Multiplicative Safety × Additive Soft Costs: The reward structure is clever—encoding "safety first" through the structure itself (zeroing out on violation) avoids the "weight-tuning hell" of multi-objective RL.
Diagnosis of VD-GRPO: The identification of how group-wise normalization dilutes rare safety-critical gradients is a significant insight for any safety-critical RL task using GRPO.
Efficiency: Reusing the pre-trained model as a frozen world model allows for reactive simulation without additional training or external complex simulators.

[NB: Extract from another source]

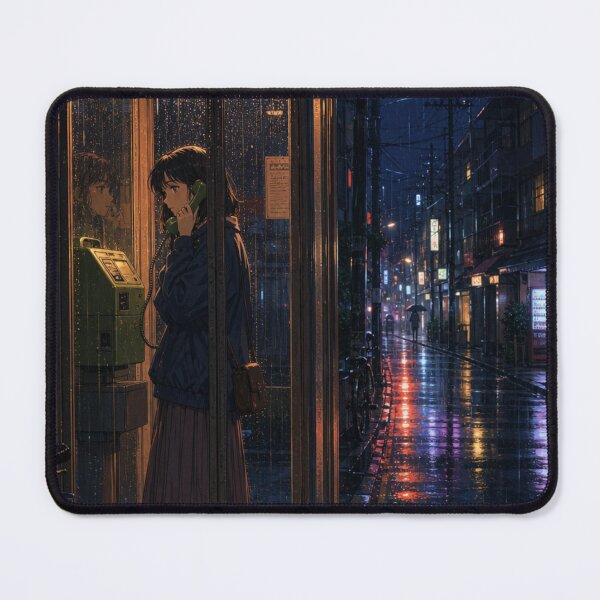 Item preview, Rainy Night Phone Booth Anime Girl designed and sold by vekotpu.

Limitations & Future Work¶

The reward items and weights are still manually designed. While "unbiased and consistent," the completeness of these rules and weight choices remains a potential bottleneck.
The global scaling constant \(c\) in VD-GRPO is a hyperparameter that requires selection; its sensitivity was not extensively discussed.
Experiments were conducted in nuPlan (bicycle model + LQR, IDM reactive agents); the sim-to-real gap for actual road testing remains unverified.
The world model assumes surrounding agents' behavior is independent of the ego's internal principles, which may fall short in high-stakes bargaining scenarios (e.g., yielding).

vs. Pure IL (PLUTO / PlanTF / Diffusion Planner): These inherit expert bad habits and lack explicit safety awareness; Plan-R1 uses RL to align with safety, leading in reactive settings.
vs. Imitation-regularized RL (BC-SAC / Carplanner): While stable, these still depend heavily on expert data; Plan-R1 uses rule-based rewards to break away from demonstration biases.
vs. Preference-based Fine-tuning (Gen-Drive / TrajHF): These rely on expensive human preference labeling for reward models; Plan-R1 uses consistent, unbiased rule-based rewards.
vs. Standard GRPO / Dr.GRPO: While Dr.GRPO removes standard deviation to mitigate difficulty bias in LLMs, VD-GRPO addresses the scale dilution of rare catastrophic events in multi-objective safety RL.

Rating¶

Novelty: ⭐⭐⭐⭐ Translating the LLM paradigm is intuitive, but the diagnosis of GRPO's safety long-tail issues and the VD-GRPO fix is a solid original contribution.
Experimental Thoroughness: ⭐⭐⭐⭐ Extensive nuPlan splits, NR/R settings, and reward/world model ablations; lacks real-world testing.
Writing Quality: ⭐⭐⭐⭐ Clear motivation and intuitive visualization of VD-GRPO.
Value: ⭐⭐⭐⭐ Safe and feasible planning is a core requirement; the rule-based RL + VD-GRPO combo is practical and transferable.